So here is the timeline from my perspective (all time PST)(note: items marked * have been added or updated):
- Feb. 2, 10:46 AM – Fellowship letter hits my email box
- Feb. 2, 11:32 AM – Tweet from @preslayman announcing their posting of the letter – The first tweet I can find.
- Feb. 2, 12:32 PM – John Shuck posted his first blog entry, tweeted announcement at 1:25 PM
- Feb. 2, 3:00 PM – Tweet from @ktday that asks “what do you think of this” – quickly and heavily retweeted; beginning of the flood of tweets
- Feb. 2, 3:17 PM – @lscanlon of the Outlook puts out a series of tweets reporting the letter
- Feb. 2, 3:32 PM – My first blog post, I tweeted announcement of it at same time
- Feb. 2, 7:12 PM – Time stamp on the Outlook article.*
- Feb. 3, 2:31 PM – First tweet I saw about the Fellowship FAQ, from @CharlotteElia
- Feb. 4, 8:56 AM – @leahjohnson posts first tweet I found about the PC(USA) leadership response*
- Feb. 4, 9:01 AM – @Presbyterian official announcement by tweet of the denomination leadership response
- Feb. 4, 10:10 AM – Katie Mulligan posted her blog article
- Feb. 4, 11:07 AM – @shuckandjive announces the Voices for Justice response
Now that is what I saw.

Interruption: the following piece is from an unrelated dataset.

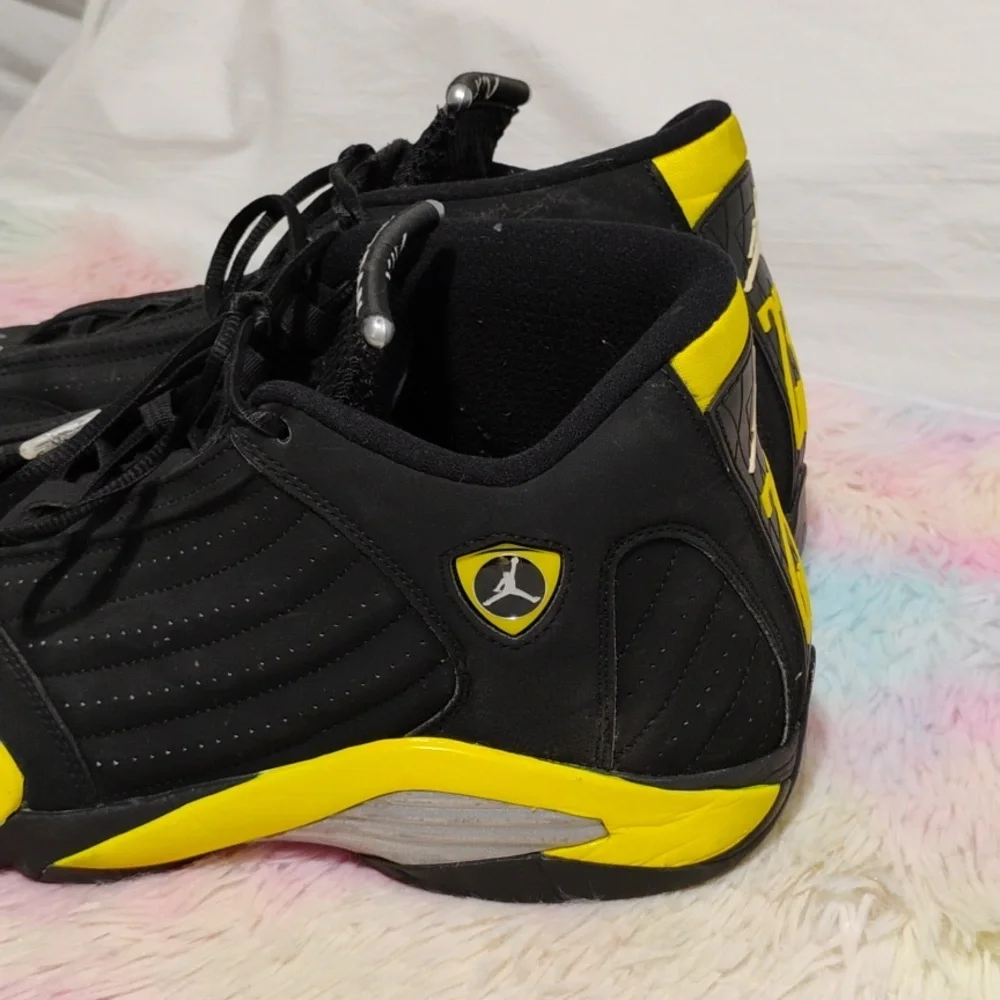 (X-106) SALE! Air Jordan 14 Retro Thunder Sneakers Sz.12 2014 See Pictures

Please let me know if you have other important events in this history that should be on the time line. And I am going to keep researching it myself and it may grow.

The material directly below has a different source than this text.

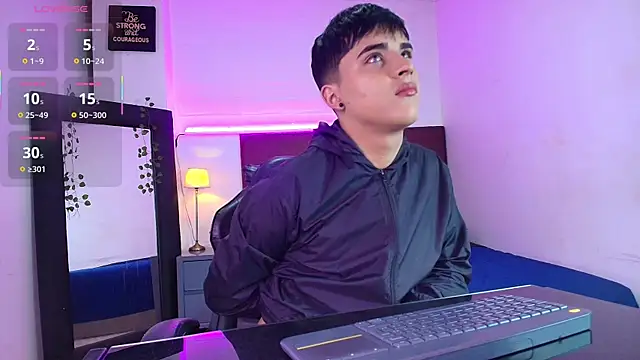 Snapshot of Lucass_love chatting on October 7, 1:19 pm Lucass love online show from October 7, 1:19 pm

So, I have to give credit to the Fellowship leadership, or at least their response team, for being able to turn around a response FAQ in 27 hours. Nice job also by the denominational leadership for having a comment out in less than 48 hours.
In the realm of social media this is a very interesting development – that in the course of a day or two a topic could gather so much attention that the major parties each feel the need, or pressure, to weigh in on the subject. And that the originating organization received enough criticism and critique that they so quickly issued a clarification and updated list of names. In case you don’t think the world of communications has changed you need to take a serious look at how a topic, admittedly a hot one but one of limited interest outside our circle of tech-savvy and enthusiastic participants, has played out in just 48 hours.
And I would note that the PC(USA) is not alone in this. In my observation of the PCA voting on their Book of Church Order amendments this year, and the ultimate non-concurrence by the presbyteries, social media, especially the blogosphere, played a major role.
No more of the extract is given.